(Data excerpts)
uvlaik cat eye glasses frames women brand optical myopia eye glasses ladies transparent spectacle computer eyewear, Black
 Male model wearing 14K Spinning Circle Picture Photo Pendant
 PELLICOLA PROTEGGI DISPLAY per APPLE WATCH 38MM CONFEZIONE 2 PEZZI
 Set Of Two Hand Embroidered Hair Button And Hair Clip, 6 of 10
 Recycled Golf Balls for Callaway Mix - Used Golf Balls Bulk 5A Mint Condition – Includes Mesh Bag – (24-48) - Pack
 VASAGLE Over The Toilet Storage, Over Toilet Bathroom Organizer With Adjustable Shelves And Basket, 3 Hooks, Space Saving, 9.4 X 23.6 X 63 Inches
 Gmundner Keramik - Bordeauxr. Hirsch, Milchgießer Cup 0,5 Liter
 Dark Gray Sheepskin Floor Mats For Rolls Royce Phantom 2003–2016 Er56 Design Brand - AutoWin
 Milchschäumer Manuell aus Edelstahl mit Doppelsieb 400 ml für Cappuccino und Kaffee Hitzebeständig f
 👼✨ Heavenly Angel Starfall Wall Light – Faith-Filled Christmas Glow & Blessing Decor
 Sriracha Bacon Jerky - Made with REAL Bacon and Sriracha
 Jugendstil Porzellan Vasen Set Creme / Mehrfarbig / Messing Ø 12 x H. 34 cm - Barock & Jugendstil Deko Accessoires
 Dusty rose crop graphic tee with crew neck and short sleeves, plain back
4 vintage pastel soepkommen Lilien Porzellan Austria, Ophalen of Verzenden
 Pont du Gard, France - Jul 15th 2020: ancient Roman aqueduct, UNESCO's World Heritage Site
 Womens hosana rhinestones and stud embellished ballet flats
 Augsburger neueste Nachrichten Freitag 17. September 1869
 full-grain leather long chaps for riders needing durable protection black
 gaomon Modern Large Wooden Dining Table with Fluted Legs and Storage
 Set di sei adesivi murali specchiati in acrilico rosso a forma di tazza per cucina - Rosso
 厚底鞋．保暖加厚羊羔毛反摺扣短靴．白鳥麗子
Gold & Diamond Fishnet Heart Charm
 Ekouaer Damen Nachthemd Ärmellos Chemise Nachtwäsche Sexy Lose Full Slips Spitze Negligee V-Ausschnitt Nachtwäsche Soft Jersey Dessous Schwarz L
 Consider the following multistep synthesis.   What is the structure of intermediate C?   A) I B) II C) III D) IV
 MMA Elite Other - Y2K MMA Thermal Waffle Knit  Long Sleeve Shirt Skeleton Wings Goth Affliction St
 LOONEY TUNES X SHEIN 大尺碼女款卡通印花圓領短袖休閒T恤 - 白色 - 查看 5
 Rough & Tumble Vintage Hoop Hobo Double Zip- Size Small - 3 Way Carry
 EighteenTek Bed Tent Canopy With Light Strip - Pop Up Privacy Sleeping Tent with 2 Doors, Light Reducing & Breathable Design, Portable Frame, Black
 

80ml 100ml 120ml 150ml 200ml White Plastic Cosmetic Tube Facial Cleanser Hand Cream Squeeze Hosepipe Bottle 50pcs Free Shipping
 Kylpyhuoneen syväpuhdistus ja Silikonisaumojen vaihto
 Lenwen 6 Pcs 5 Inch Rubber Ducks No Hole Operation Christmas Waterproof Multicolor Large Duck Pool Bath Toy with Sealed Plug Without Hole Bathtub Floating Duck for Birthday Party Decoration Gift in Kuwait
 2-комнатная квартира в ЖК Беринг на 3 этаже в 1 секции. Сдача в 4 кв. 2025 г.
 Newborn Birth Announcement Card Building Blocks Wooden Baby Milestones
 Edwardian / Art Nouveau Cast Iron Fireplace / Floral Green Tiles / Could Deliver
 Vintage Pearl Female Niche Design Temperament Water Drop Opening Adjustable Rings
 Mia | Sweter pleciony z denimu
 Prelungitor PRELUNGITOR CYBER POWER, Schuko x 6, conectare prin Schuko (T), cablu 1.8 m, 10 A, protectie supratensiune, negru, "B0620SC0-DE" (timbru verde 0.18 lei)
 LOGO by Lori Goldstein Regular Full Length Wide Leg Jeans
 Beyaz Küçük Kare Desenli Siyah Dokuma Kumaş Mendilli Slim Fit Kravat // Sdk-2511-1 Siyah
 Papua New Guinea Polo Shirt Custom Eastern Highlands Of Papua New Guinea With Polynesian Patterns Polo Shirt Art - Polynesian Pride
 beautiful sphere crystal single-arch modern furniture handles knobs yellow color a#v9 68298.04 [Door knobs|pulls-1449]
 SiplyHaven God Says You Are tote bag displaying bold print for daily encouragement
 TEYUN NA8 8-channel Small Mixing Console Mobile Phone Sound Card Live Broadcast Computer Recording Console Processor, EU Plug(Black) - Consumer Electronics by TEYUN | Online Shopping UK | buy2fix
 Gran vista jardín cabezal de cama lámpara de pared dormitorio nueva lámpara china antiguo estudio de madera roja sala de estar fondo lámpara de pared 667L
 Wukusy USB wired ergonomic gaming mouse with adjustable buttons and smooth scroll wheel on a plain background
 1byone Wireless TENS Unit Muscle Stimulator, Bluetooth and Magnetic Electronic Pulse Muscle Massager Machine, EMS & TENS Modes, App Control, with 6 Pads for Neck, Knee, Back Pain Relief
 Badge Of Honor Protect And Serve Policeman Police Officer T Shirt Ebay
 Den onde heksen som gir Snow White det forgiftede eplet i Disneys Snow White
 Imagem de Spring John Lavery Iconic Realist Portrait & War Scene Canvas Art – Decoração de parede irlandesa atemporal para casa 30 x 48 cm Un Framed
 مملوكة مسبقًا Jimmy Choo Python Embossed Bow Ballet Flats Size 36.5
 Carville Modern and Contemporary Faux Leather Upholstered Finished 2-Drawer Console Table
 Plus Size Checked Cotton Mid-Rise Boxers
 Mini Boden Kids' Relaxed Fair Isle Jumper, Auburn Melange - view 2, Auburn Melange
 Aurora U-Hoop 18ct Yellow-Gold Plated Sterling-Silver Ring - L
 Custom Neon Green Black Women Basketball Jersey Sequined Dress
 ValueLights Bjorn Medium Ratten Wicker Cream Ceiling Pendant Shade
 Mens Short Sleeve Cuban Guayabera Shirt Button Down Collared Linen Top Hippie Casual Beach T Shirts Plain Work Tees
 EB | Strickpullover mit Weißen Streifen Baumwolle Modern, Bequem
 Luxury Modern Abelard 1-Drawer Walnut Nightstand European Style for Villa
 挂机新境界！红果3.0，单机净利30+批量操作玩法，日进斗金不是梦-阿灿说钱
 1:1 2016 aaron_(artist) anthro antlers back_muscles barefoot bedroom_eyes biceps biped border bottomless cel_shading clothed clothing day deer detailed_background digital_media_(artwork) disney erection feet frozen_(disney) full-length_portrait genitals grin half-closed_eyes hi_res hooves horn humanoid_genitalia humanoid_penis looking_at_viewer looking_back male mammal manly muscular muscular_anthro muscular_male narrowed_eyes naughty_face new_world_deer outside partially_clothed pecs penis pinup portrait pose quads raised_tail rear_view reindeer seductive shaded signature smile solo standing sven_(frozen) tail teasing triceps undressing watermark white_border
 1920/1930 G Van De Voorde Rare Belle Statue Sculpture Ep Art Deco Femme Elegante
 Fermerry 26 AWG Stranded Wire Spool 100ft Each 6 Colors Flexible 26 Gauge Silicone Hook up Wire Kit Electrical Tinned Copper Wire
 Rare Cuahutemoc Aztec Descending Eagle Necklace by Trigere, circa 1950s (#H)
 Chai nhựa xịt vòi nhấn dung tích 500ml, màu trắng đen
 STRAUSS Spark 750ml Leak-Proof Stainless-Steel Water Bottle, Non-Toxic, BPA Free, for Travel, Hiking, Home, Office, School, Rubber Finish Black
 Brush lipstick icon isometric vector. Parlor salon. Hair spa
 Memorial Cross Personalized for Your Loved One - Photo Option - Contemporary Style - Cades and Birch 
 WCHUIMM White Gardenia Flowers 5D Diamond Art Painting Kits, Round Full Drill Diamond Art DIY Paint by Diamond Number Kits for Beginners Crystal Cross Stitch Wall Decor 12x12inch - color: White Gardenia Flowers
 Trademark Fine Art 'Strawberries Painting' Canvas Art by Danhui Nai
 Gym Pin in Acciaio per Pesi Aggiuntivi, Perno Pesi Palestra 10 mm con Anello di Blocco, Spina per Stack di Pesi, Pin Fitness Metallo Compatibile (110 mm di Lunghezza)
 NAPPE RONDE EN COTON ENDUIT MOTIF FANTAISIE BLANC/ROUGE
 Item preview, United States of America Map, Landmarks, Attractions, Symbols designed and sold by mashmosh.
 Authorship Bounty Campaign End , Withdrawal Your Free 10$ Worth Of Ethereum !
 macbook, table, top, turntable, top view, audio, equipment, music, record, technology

*Work to be completed*
Starting at the line above that contains "Custom Neon Green", repeat each line exactly up to and including the line that contains "挂机新境界！红果3.0，单机净利30+批量操作玩法，日进斗金不是梦-阿灿说钱", and stop there.

*Exercise answer*
 Custom Neon Green Black Women Basketball Jersey Sequined Dress
 ValueLights Bjorn Medium Ratten Wicker Cream Ceiling Pendant Shade
 Mens Short Sleeve Cuban Guayabera Shirt Button Down Collared Linen Top Hippie Casual Beach T Shirts Plain Work Tees
 EB | Strickpullover mit Weißen Streifen Baumwolle Modern, Bequem
 Luxury Modern Abelard 1-Drawer Walnut Nightstand European Style for Villa
 挂机新境界！红果3.0，单机净利30+批量操作玩法，日进斗金不是梦-阿灿说钱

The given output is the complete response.